Collection entries
——————————
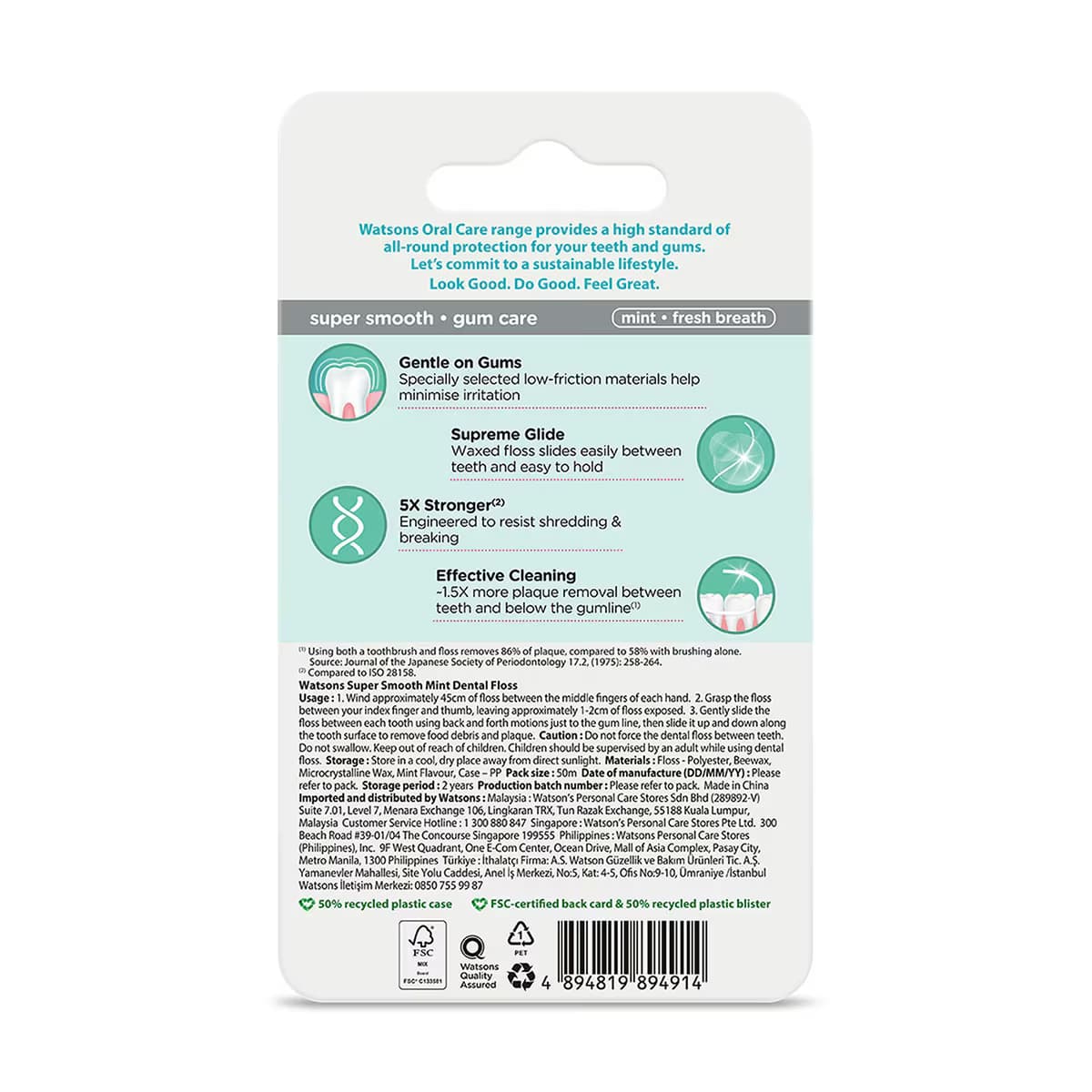 Watsons Super Smooth Nane Diş İpi 50 m 2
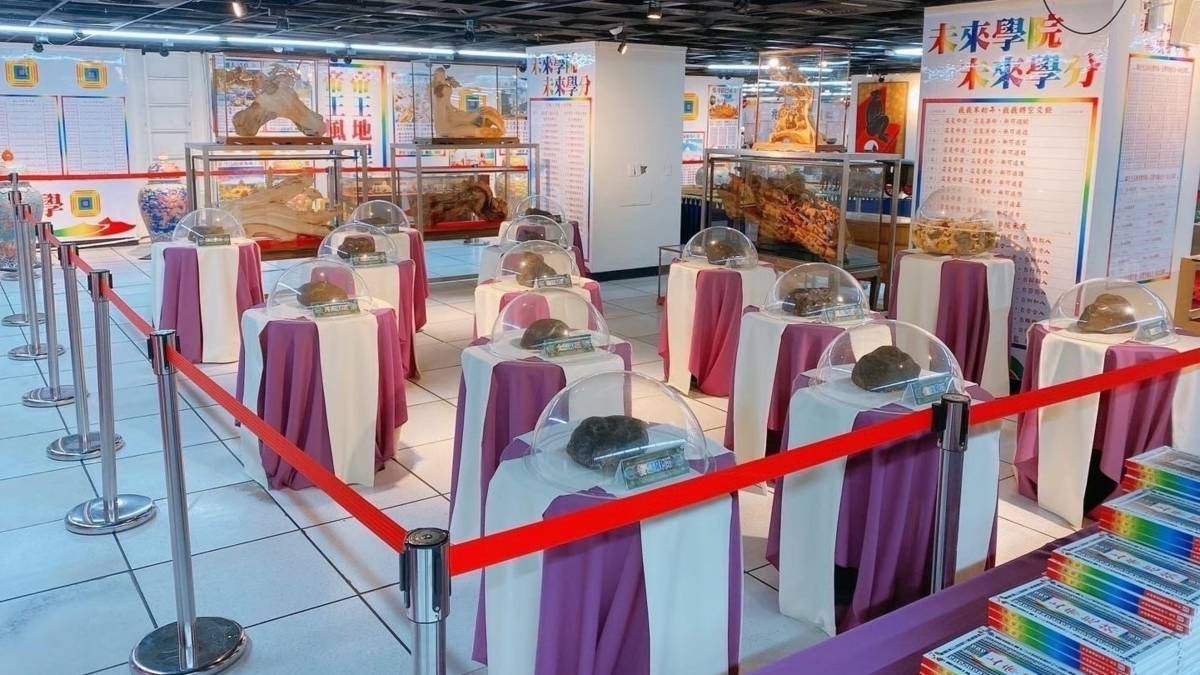 亞特蘭提斯帝國博物館-隕石展示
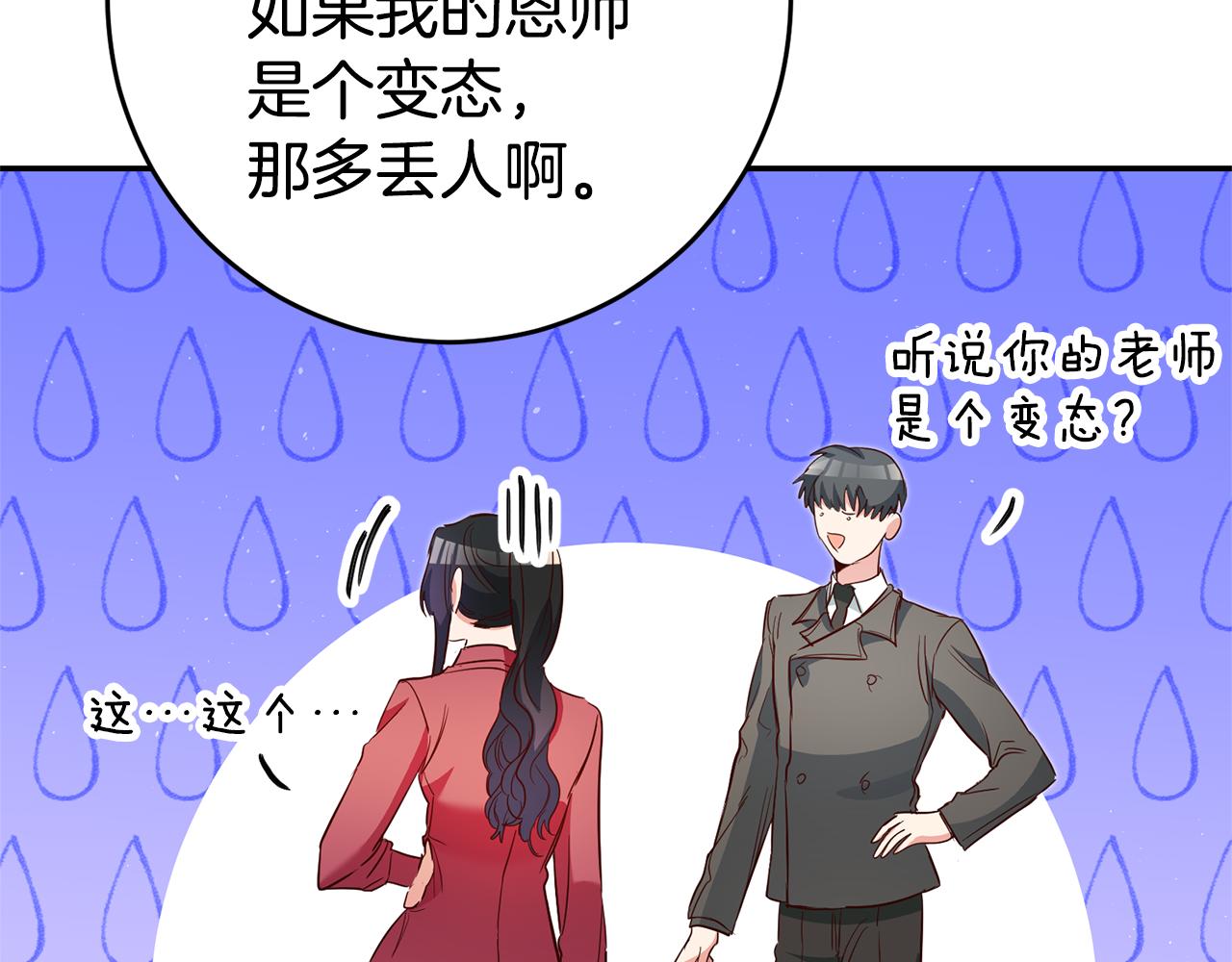 第24话 前科行径145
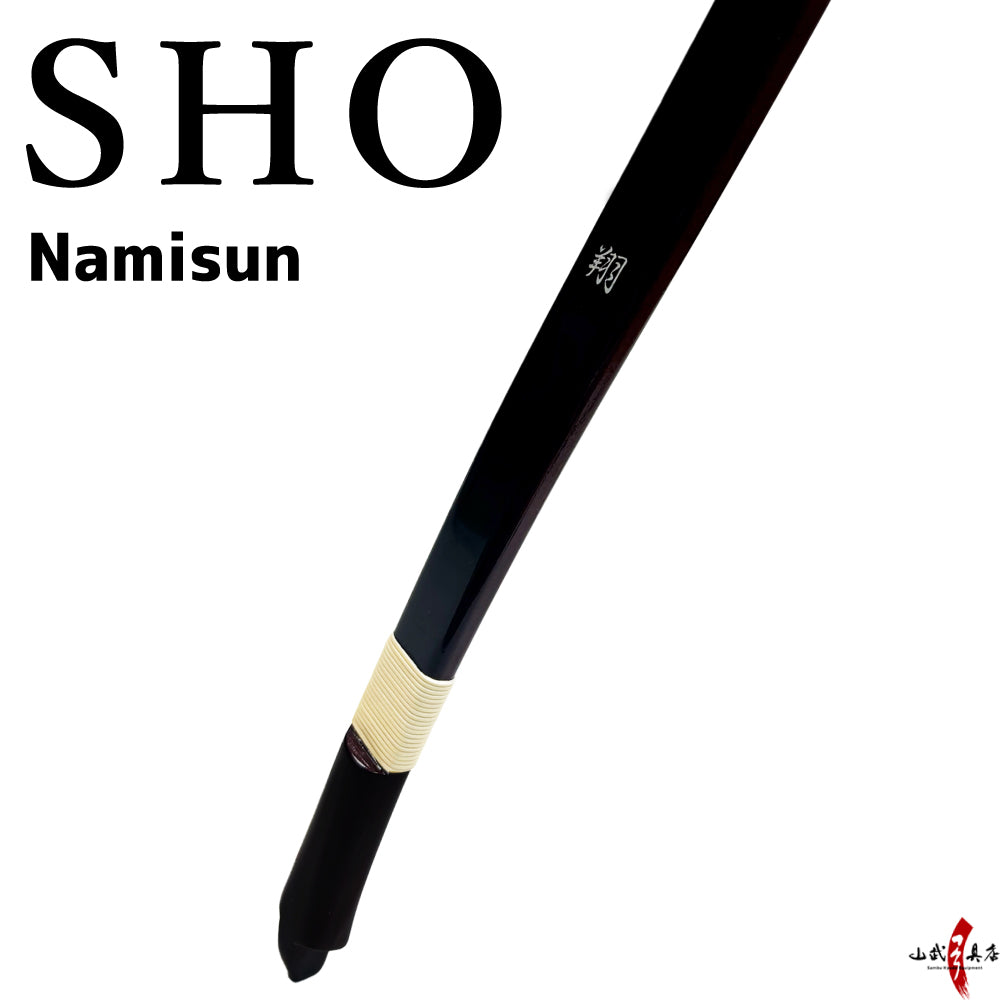 【A-005】 Sho Yumi-Bows - Namisun 翔 並寸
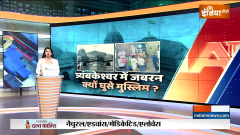 Nashik Trimbakeshwar Temple:  Muslim Youths Try To Enter Trimbakeshwar Temple , Few Arrested, SIT Probe Ordered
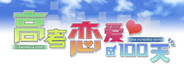 Gaokao.Love.100Days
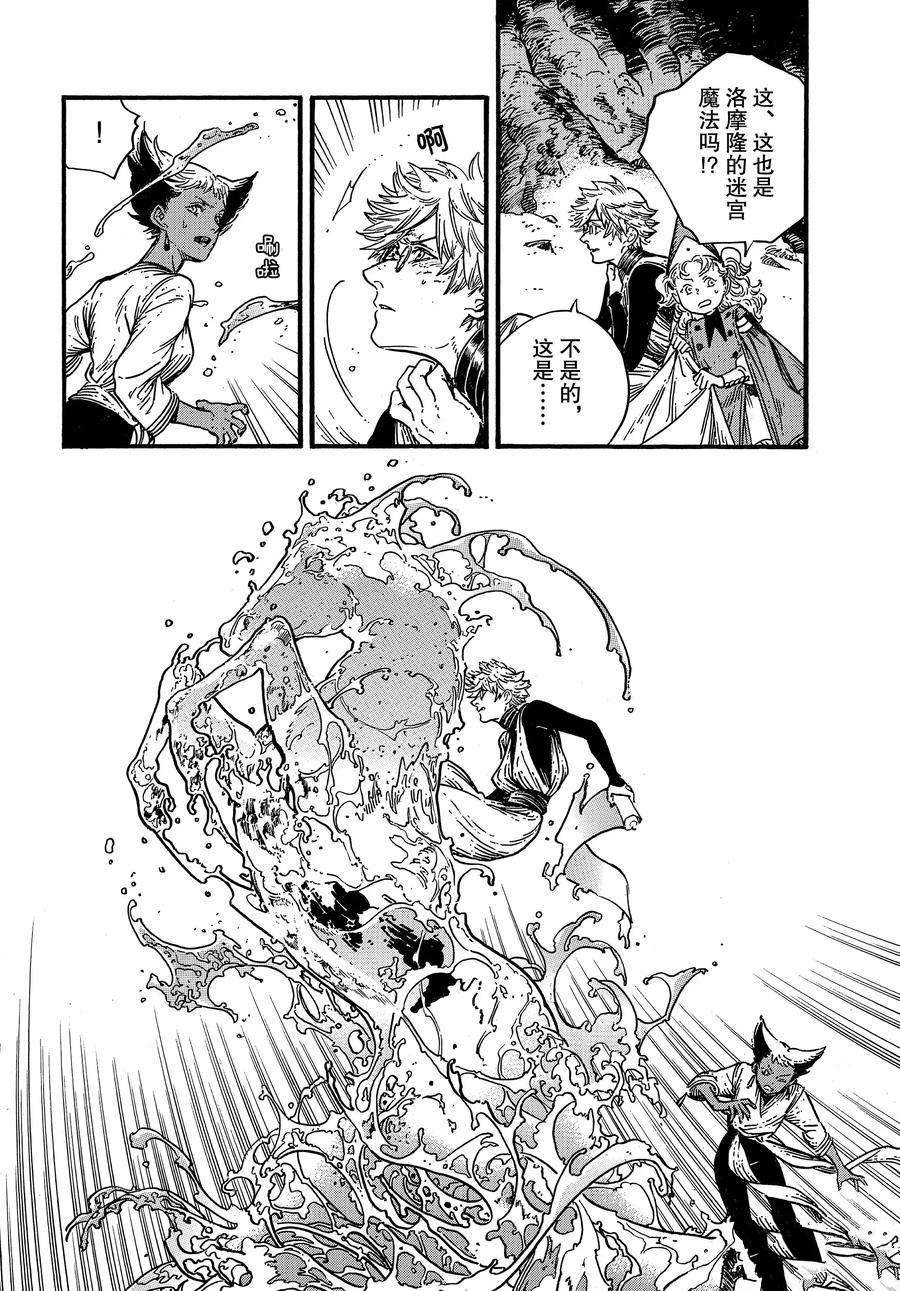 第27话 试看版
——————————
REQUIRED ACTION
Give back exactly the lines running from the one that contains "SIT Probe Ordered" to the end of the records, including both of those lines and excluding every picture.

WRITTEN RESPONSE
 Nashik Trimbakeshwar Temple:  Muslim Youths Try To Enter Trimbakeshwar Temple , Few Arrested, SIT Probe Ordered
 Gaokao.Love.100Days
 第27话 试看版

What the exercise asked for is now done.